:: PROBLEM STATEMENT ::
In the entries below, find the line with "Ripe juicy watermelons", then set it down exactly along with each line after it to the end, skipping any pictures.

== Segment start ==

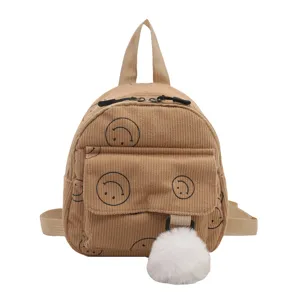 Mini corduroy backpack for women, cute casual school bag with smiley face print and pom pom.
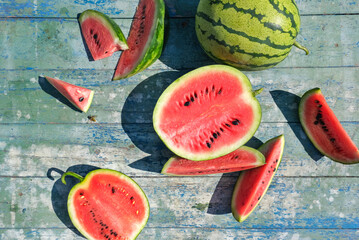 Ripe juicy watermelons and pieces of watermelon on a blue wooden table. Hard light.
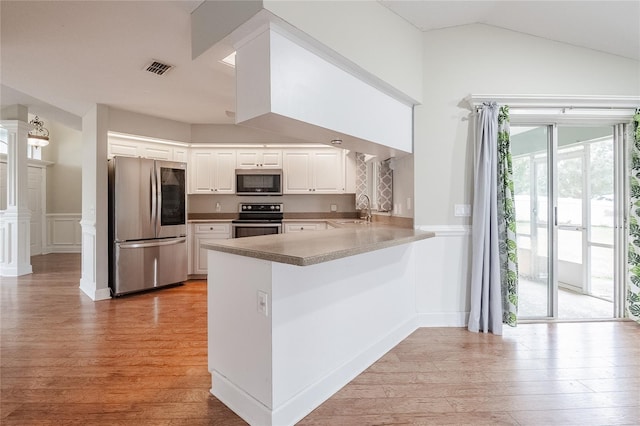 kitchen with sink, light hardwood / wood-style flooring, white cabinetry, kitchen peninsula, and stainless steel appliances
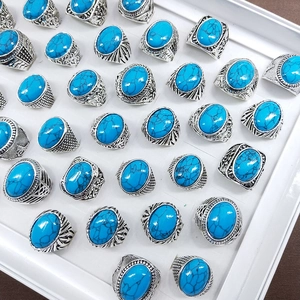 Vintage alloy rings with turquoise stones in assorted retro styles on a display tray
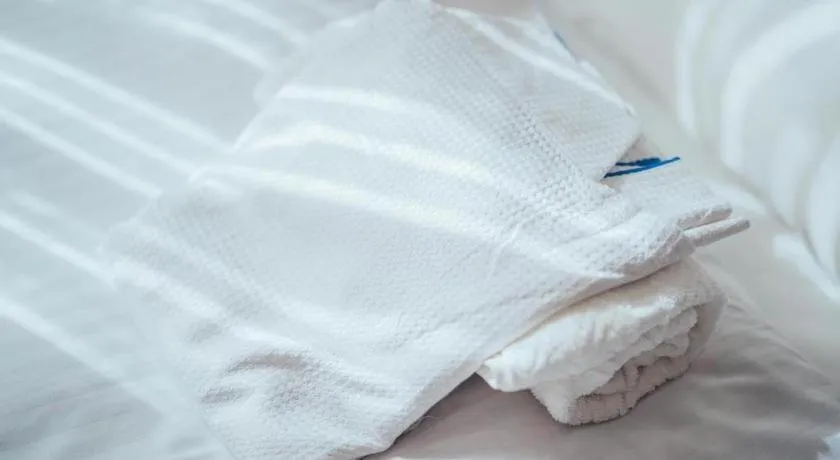 Bed in Hotel AreaOne Miyazaki City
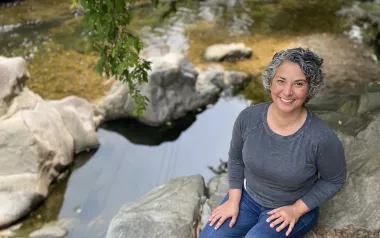  A professional portrait of Kerry Jordan sitting by a creek.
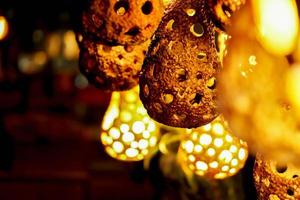 Lamp decorated like bird's nest showing by turn on light in the small pub. photo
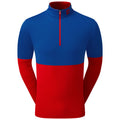 A long-sleeved athletic shirt features a blue upper section with a zippered collar and a red lower section. It is designed for active wear, providing comfort and style.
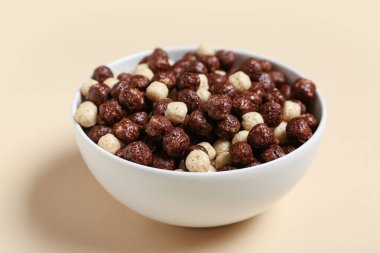 Bej arka planda çikolatalı mısır topları olan kase, yakın plan.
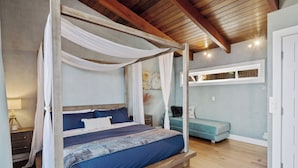 Ein Himmelsbett mit blau-weißer Bettdecke, einem Holz-Kopfteil und einem Nachttisch mit Lampe.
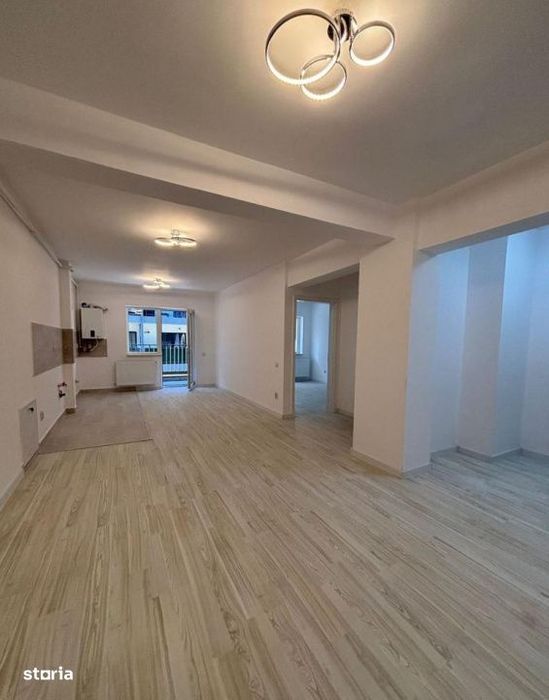 Apartament 2 camere|55 mp|Zona Terra|Parcare subterana inclusa — fotografia 1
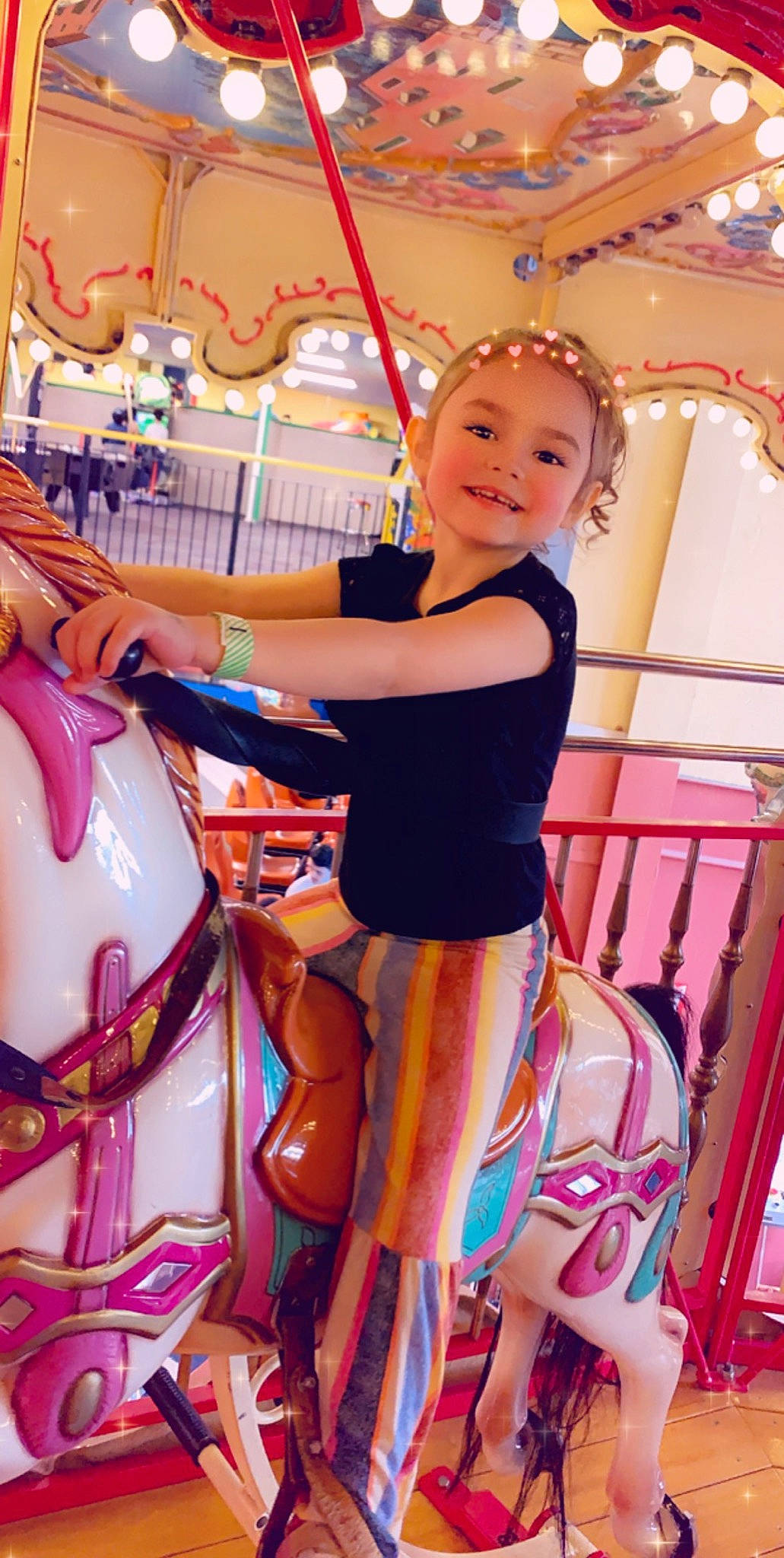 Lilyanna joined the competition — help win amazing prizes! amusement_park, amusement_ride, carousel, fun, joy, nonbuilding_structure, park, person, recreation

== Segment end ==

:: ANSWER TO THIS PROBLEM ::
 Ripe juicy watermelons and pieces of watermelon on a blue wooden table. Hard light.
 kitchen with sink, light hardwood / wood-style flooring, white cabinetry, kitchen peninsula, and stainless steel appliances
 Vintage alloy rings with turquoise stones in assorted retro styles on a display tray
 Bed in Hotel AreaOne Miyazaki City
  A professional portrait of Kerry Jordan sitting by a creek.
 Lamp decorated like bird's nest showing by turn on light in the small pub. photo
 A long-sleeved athletic shirt features a blue upper section with a zippered collar and a red lower section. It is designed for active wear, providing comfort and style.
 Bej arka planda çikolatalı mısır topları olan kase, yakın plan.
 Ein Himmelsbett mit blau-weißer Bettdecke, einem Holz-Kopfteil und einem Nachttisch mit Lampe.
 Apartament 2 camere|55 mp|Zona Terra|Parcare subterana inclusa — fotografia 1
 Lilyanna joined the competition — help win amazing prizes! amusement_park, amusement_ride, carousel, fun, joy, nonbuilding_structure, park, person, recreation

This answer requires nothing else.